Aim of the task: Please repeat the entries exactly as they appear and omit any images.

Data for review:

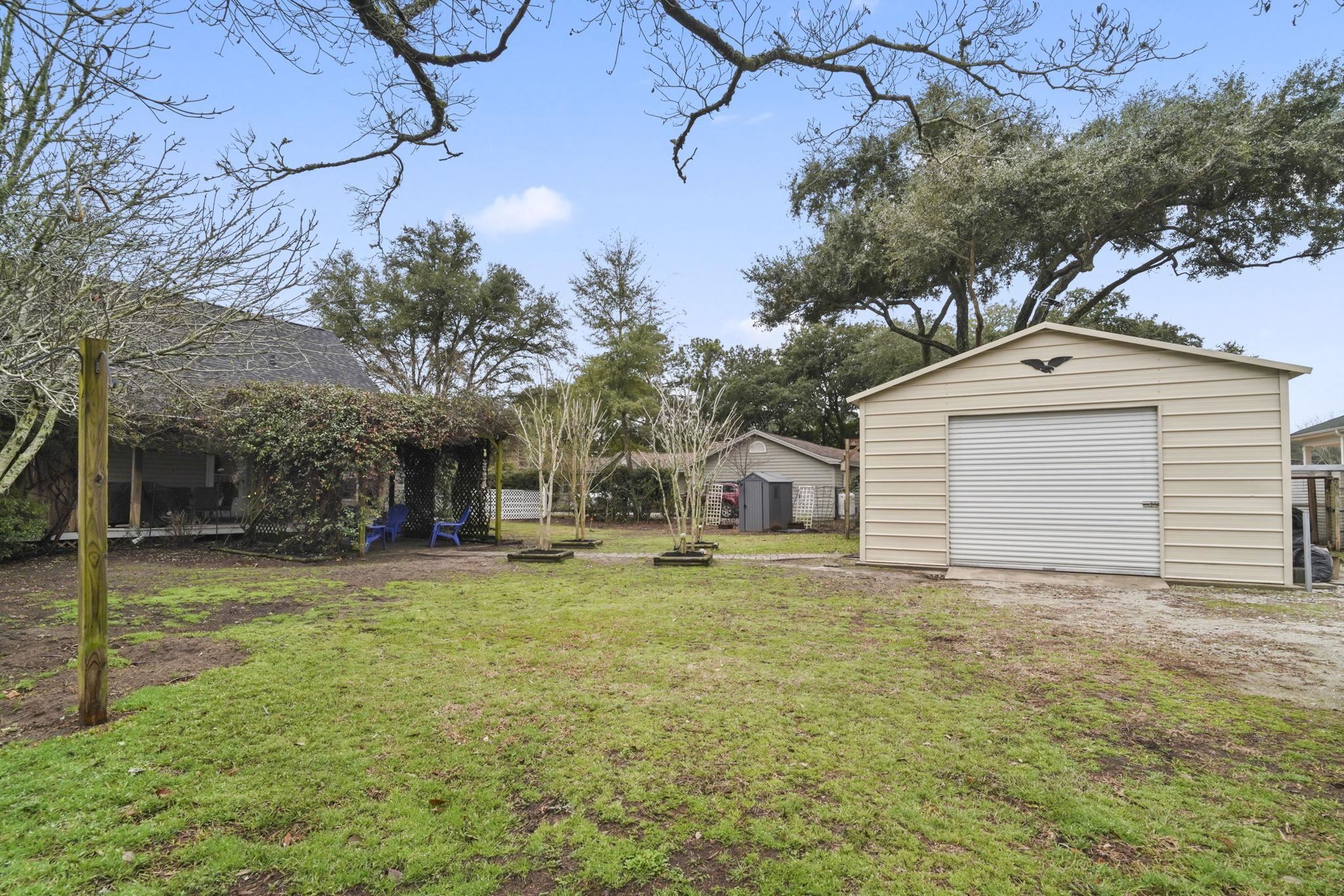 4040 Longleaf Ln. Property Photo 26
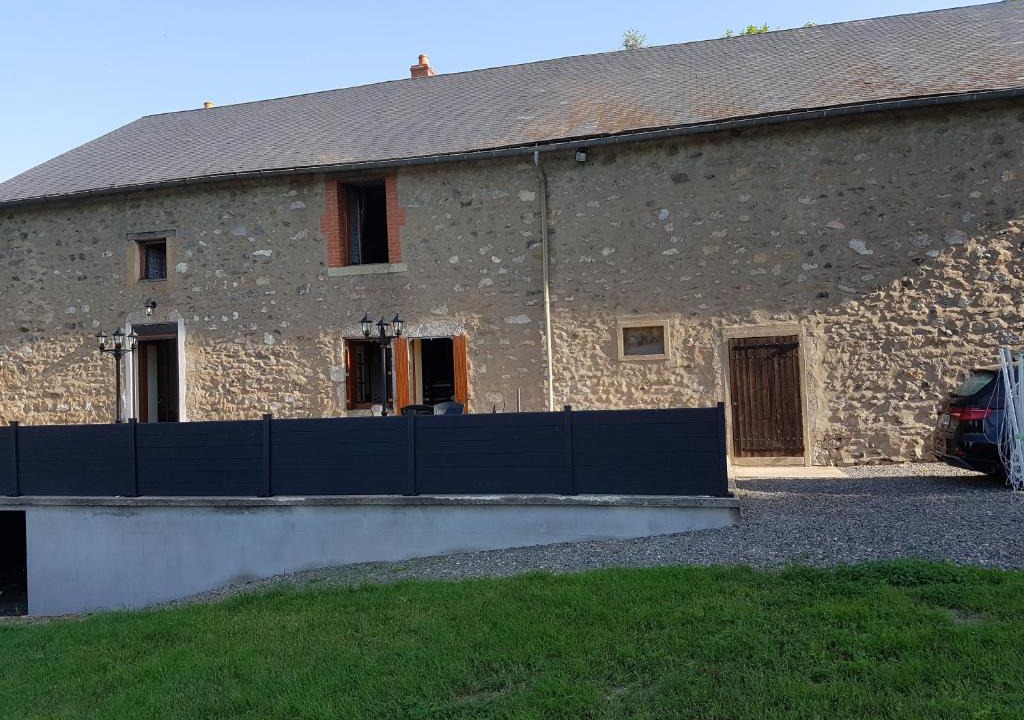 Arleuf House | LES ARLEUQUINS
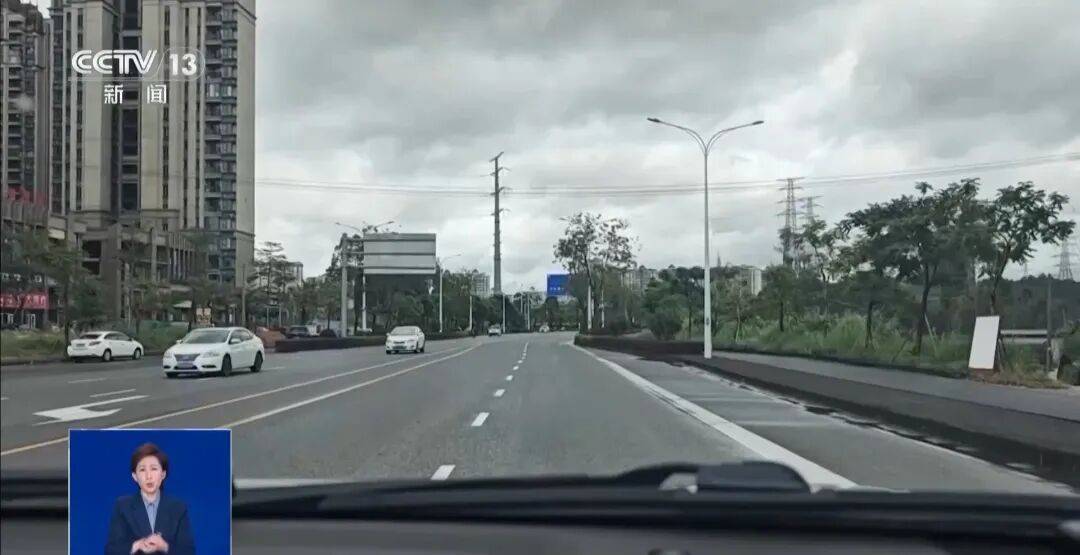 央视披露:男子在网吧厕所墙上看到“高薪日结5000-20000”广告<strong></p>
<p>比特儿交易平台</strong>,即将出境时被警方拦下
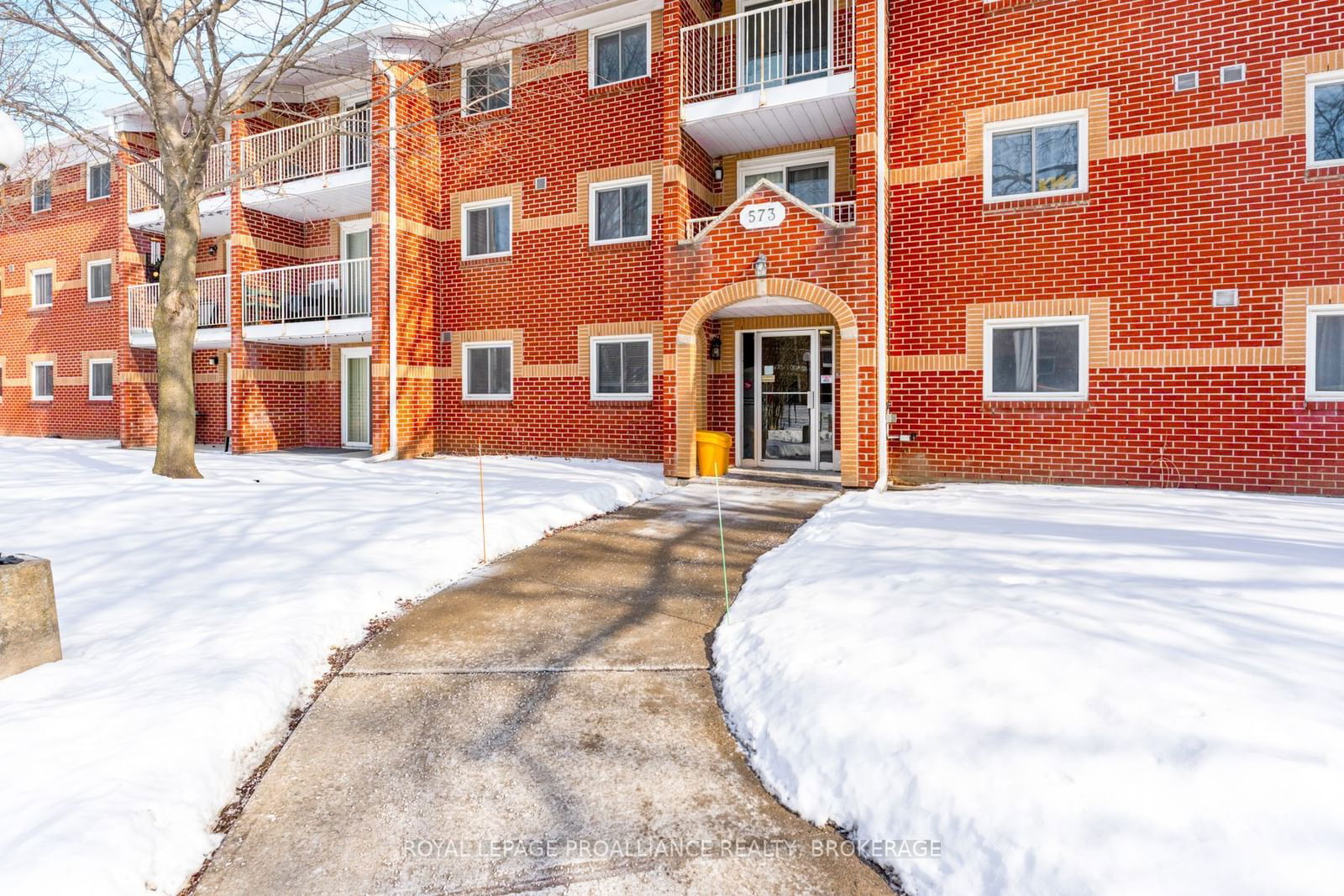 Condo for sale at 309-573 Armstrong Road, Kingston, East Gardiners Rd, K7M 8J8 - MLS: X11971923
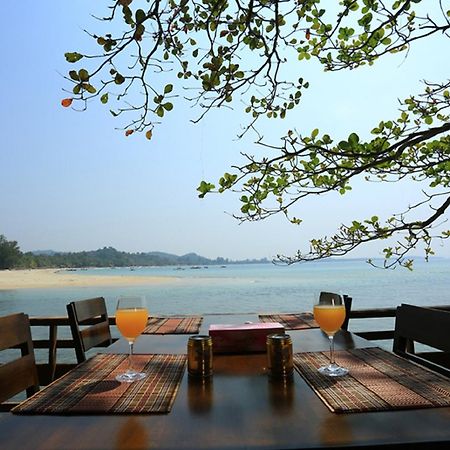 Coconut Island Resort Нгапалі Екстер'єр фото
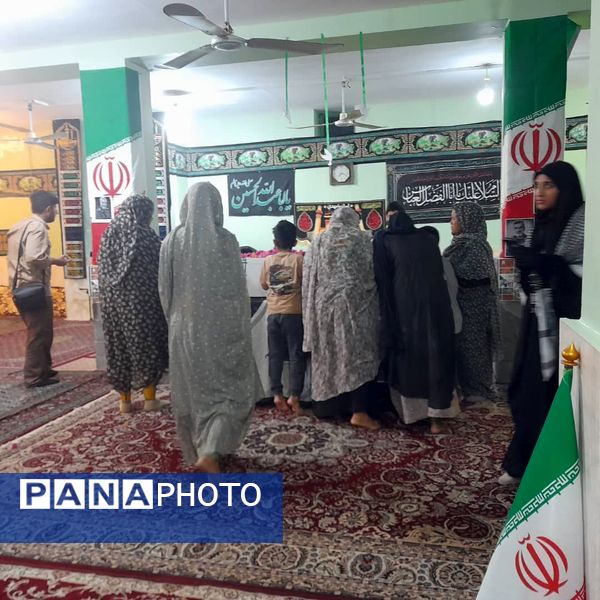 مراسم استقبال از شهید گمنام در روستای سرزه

Response:
 4040 Longleaf Ln. Property Photo 26
 Arleuf House | LES ARLEUQUINS
 央视披露:男子在网吧厕所墙上看到“高薪日结5000-20000”广告<strong></p>
<p>比特儿交易平台</strong>,即将出境时被警方拦下
 Condo for sale at 309-573 Armstrong Road, Kingston, East Gardiners Rd, K7M 8J8 - MLS: X11971923
 Coconut Island Resort Нгапалі Екстер'єр фото
 مراسم استقبال از شهید گمنام در روستای سرزه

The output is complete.